So schnell lässt sich Henkel aber nicht entmutigen. Er verweist auf seine Ausbildung zum Speditionskaufmann und auf seinen Studienabschluss, meistert das Frage- und Antwortspiel psychologisch geschickt und erhält das Angebot, für eine Vertriebslaufbahn ausgebildet zu werden. Für das Management-Traineeprogramm sei er nun einmal zu jung.

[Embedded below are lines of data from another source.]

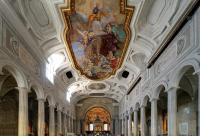 Basilica San Pietro in Vincoli, Roma - locul în care se află cinstitele lanțuri Sfântului Apostol Petru
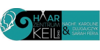 Kundenlogo von Haarzentrum Keil OHG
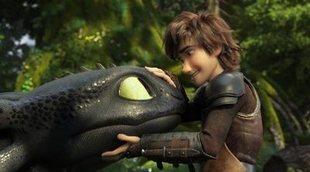 'Cómo entrenar a tu dragón 3': Steven Spielberg está encantado con el resultado del final de la trilogía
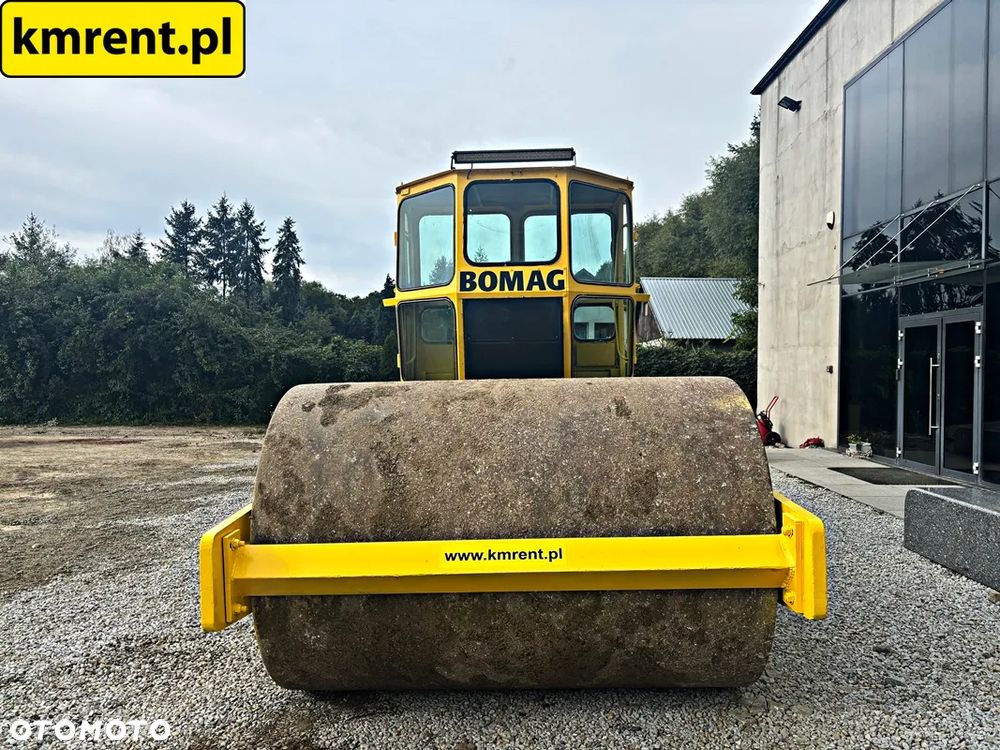 Bomag BW 213 WALEC 1990R | BOMAG BW 80, 100, 138, 135, 80, 120 HAMM H8, 10, 12, 14, DYNAPAAC CC1000, 1100, 1200 - 13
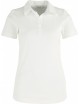 Polo femme manches courtes Blanc ArmorLux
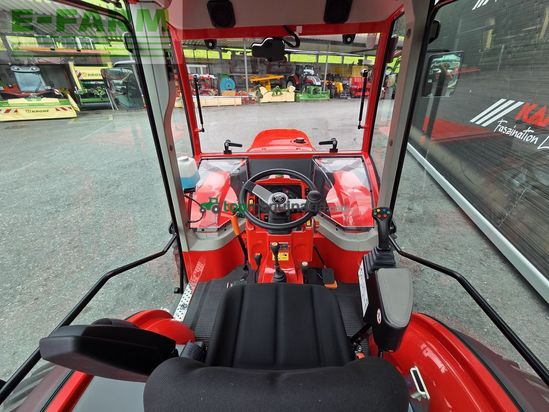 Tractor agrícola - Carraro - ttr 7800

Die Vertriebslaufbahn ist die klassische Karriere bei IBM. Aber Henkel lehnt das Alternativangebot ab. Darum habe er sich nicht beworben, er sei wegen des Management-Trainee-Programms gekommen, hält er den konsternierten IBM-Managern entgegen. Um die Situation zu entspannen, fragt einer der Manager nach seinen Hobbys. Henkel antwortet „Musik“. Das stimmt, denn Henkel ist ein Jazz-Fan und auch ein Fan der Beatles. Das sagt er aber nicht, als die Nachfrage kommt „Welche Musik?“ Er sagt Händel. Auf die weitere Frage, was ihm an Händel gefalle, antwortet er: „Händel swingt“. Henkel bemerkt, dass sich das Blatt zu seinen Gunsten wendet, er lobt die Atmosphäre bei IBM und äußert den Wunsch, bei IBM zu bleiben. Die Hartnäckigkeit zahlt sich aus. Henkel bekommt eine der Traineestellen.

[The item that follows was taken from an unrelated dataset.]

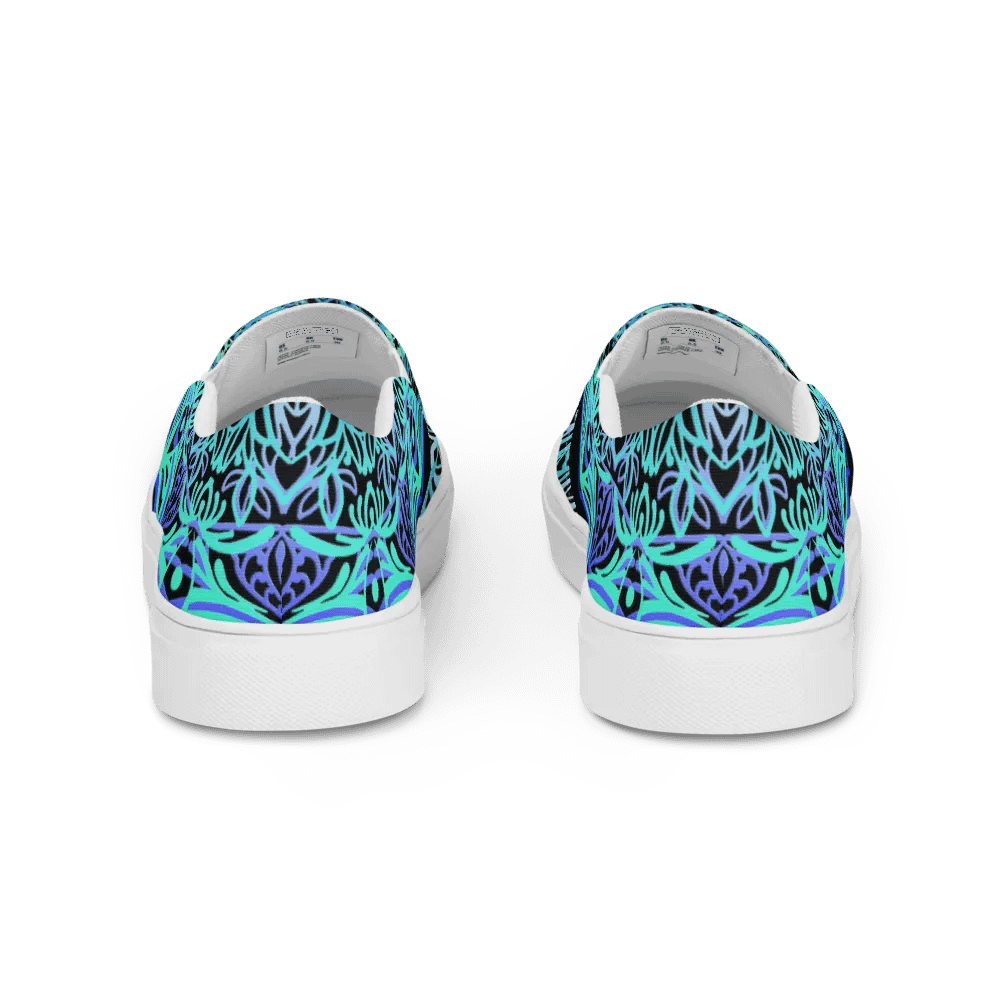 Mystic Mandala Slip-Ons product image (8)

Seinen Eintritt in die amerikanische Firma sieht Henkel als Glücksfall. Bei Siemens, Krupp, VW oder beim Staat wäre er mit seiner Art jämmerlich gescheitert, mutmaßt Henkel. Weshalb die IBM trotz des Strukturwandels, in dem viele Firmen untergegangen sind, überlebt hat, führt Henkel auf wenige Prinzipien zurück. Dazu zählen für ihn der Respekt vor dem Einzelnen, die Ehrlichkeit gegenüber Kunden, das Verbot jeglicher Bestechung und die Unbestechlichkeit der Mitarbeiter und Manager, auch die Verbannung von Alkohol während der Arbeit und bei Veranstaltungen.

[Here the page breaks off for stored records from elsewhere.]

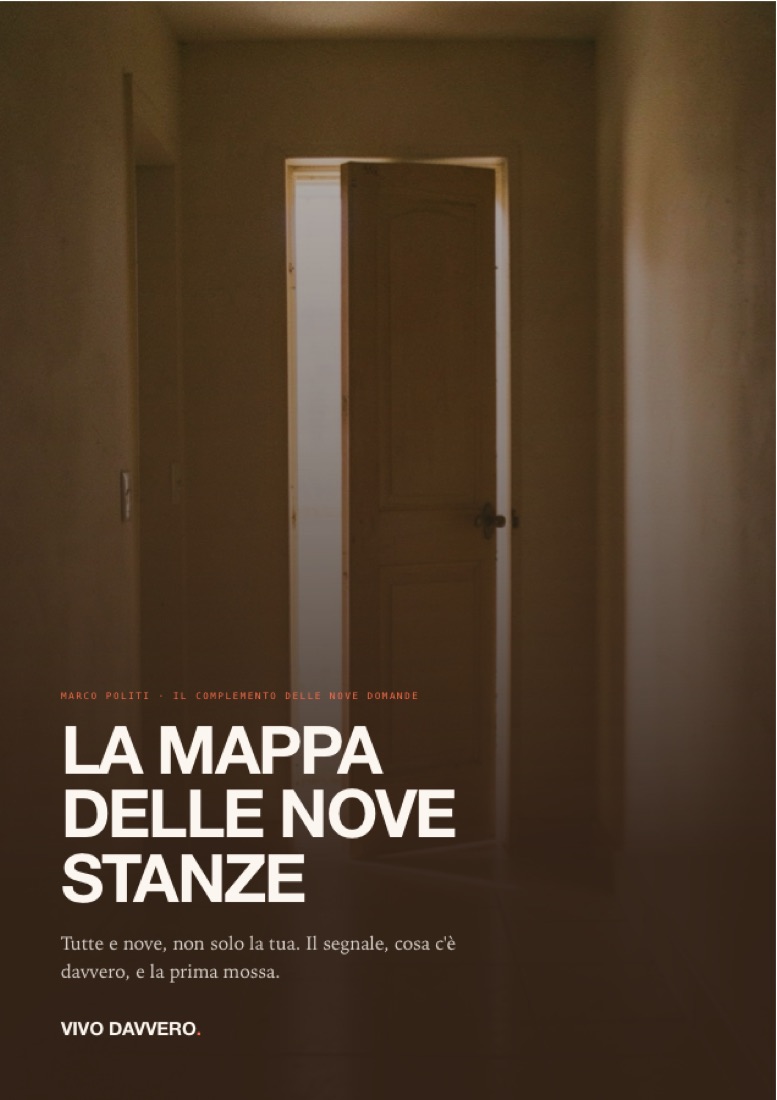 La Mappa delle Nove Stanze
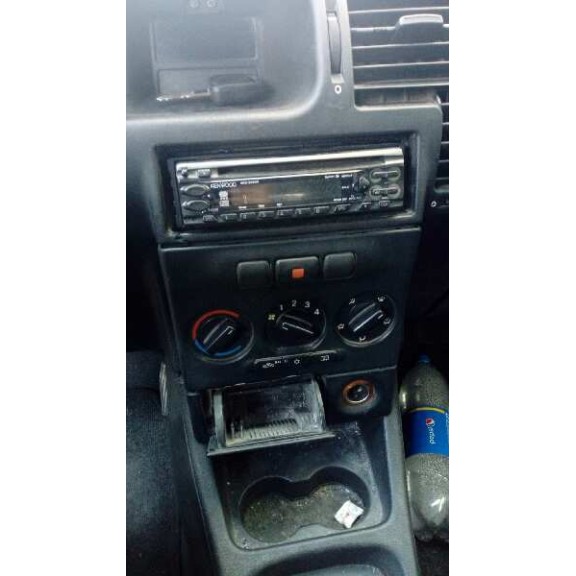 opel zafira a del año 2002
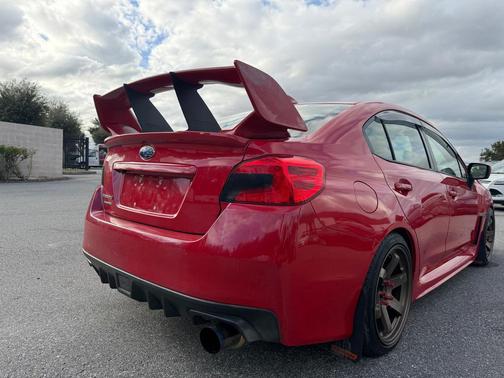 2019 Subaru WRX Base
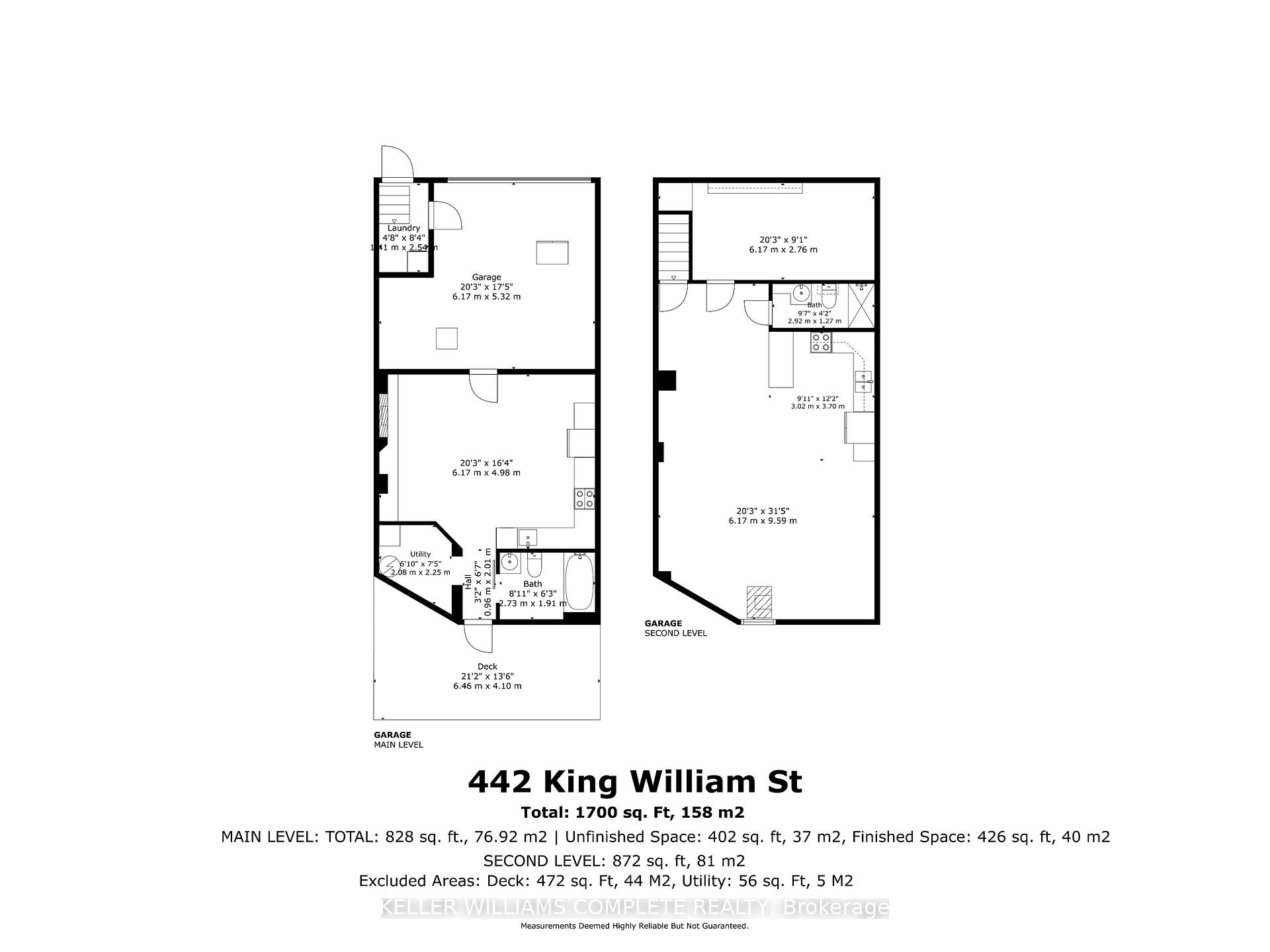 Photo 35 of 442 King William Street, Hamilton, Landsdale — HOMEH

Die kastenlose Unternehmenskultur bei IBM, der unkomplizierte, kameradschaftliche Umgang von Topmanagern und Mitarbeitern faszinieren Henkel. Das „Open Door“-Programm erlaubt es jedem Mitarbeiter, sich bei höheren Vorgesetzten bis hin zur Unternehmensführung über den direkten Vorgesetzten zu beschweren, ohne Nachteile befürchten zu müssen. Einmal im Jahr werden die Mitarbeiter nach Kriterien beurteilt, die Vorgesetzte und Mitarbeiter gemeinsam in einem Beratungs- und Förderungsgespräch erarbeitet haben. Allein die Leistung zählt und zahlt sich aus.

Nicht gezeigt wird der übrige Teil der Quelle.